Place the butter, chocolate and coffee (with water if using instant) in a saucepan and stir over low heat until melted, remove from heat and allow to cool slightly.

Sift flours, bicarb and cocoa into a large bowl of an electric mixer, add the sugar and beat on low speed to combine. Add the combined eggs, oil and buttermilk and beat on a low speed until well combined.

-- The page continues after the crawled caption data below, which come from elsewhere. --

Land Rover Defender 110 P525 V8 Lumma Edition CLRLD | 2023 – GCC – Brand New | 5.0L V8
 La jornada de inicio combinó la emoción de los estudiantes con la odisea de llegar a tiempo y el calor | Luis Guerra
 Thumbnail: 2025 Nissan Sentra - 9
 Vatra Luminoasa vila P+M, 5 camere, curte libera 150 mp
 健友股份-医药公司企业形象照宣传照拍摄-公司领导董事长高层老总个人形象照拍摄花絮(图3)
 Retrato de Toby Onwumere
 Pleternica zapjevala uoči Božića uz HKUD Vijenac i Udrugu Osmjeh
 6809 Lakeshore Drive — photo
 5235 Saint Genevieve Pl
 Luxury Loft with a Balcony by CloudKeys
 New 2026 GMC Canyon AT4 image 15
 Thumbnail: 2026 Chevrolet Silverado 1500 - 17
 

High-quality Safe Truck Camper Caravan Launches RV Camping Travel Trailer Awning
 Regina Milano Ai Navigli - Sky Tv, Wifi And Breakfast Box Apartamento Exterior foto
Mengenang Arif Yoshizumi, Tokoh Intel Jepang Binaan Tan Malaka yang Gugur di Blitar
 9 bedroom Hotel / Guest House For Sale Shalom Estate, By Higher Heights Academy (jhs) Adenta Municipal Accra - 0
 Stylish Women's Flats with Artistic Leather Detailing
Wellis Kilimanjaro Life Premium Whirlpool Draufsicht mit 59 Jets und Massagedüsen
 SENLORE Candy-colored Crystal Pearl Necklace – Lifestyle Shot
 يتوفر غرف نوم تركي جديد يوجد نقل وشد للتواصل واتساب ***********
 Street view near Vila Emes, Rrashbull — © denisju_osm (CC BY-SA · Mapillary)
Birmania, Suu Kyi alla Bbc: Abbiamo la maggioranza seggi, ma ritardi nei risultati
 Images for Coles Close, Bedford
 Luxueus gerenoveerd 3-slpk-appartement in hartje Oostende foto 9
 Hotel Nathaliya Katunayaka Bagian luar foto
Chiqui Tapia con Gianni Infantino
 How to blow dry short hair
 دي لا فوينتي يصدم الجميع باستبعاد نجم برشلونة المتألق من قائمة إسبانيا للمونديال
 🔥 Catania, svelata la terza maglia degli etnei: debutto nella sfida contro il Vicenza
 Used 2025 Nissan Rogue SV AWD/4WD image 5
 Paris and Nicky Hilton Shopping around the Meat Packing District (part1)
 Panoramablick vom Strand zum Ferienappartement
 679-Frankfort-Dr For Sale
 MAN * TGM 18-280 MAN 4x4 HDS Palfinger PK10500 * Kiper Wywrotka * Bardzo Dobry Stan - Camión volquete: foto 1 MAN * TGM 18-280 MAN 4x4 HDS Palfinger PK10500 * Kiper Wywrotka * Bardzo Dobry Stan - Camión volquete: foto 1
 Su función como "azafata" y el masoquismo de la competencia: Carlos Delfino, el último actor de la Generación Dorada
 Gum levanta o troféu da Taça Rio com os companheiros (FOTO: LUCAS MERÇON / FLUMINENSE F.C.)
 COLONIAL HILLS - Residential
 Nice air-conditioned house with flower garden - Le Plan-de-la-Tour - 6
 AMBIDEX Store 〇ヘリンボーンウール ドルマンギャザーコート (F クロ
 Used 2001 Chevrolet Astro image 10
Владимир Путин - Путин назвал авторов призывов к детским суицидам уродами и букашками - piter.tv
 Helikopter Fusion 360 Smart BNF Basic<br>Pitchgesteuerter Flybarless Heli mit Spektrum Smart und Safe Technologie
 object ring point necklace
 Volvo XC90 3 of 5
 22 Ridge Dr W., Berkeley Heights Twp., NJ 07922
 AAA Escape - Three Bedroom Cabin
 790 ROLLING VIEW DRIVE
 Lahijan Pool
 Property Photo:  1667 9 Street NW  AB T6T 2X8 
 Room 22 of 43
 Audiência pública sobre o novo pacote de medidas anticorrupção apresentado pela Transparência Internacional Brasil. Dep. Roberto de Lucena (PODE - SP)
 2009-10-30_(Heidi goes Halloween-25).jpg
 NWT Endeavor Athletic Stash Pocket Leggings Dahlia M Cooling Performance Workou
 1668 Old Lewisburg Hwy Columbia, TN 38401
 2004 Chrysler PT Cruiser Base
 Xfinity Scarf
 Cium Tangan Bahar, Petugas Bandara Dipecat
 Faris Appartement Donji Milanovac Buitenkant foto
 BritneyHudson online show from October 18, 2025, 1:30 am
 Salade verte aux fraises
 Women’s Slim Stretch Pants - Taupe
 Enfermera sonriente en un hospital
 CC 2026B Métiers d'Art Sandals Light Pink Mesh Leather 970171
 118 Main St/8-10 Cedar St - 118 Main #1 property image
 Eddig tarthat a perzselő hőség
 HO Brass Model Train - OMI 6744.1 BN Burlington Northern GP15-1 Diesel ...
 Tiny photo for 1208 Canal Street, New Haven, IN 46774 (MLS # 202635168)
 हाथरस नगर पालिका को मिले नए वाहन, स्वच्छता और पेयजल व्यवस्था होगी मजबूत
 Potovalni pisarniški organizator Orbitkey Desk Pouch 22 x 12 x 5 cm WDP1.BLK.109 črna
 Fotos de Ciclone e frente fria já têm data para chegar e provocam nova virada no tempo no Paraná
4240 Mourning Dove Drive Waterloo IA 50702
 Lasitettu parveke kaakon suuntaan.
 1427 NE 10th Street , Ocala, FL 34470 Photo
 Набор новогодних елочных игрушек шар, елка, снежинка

Spoon into tin and bake for about 1 hour and 15 minutes or until a skewer inserted into the cake comes out clean. Leave the cake in the tin until cold. Ideally, make the cake the day before and then once cool to touch, refrigerate over night.

Chocolate ganache

Heat cream in a small saucepan until close to boiling, remove from heat and add chocolate. Stir until chocolate has melted and the mixture is smooth. Leave to cool for at least an hour or until thick enough to thickly coat the back of a spoon.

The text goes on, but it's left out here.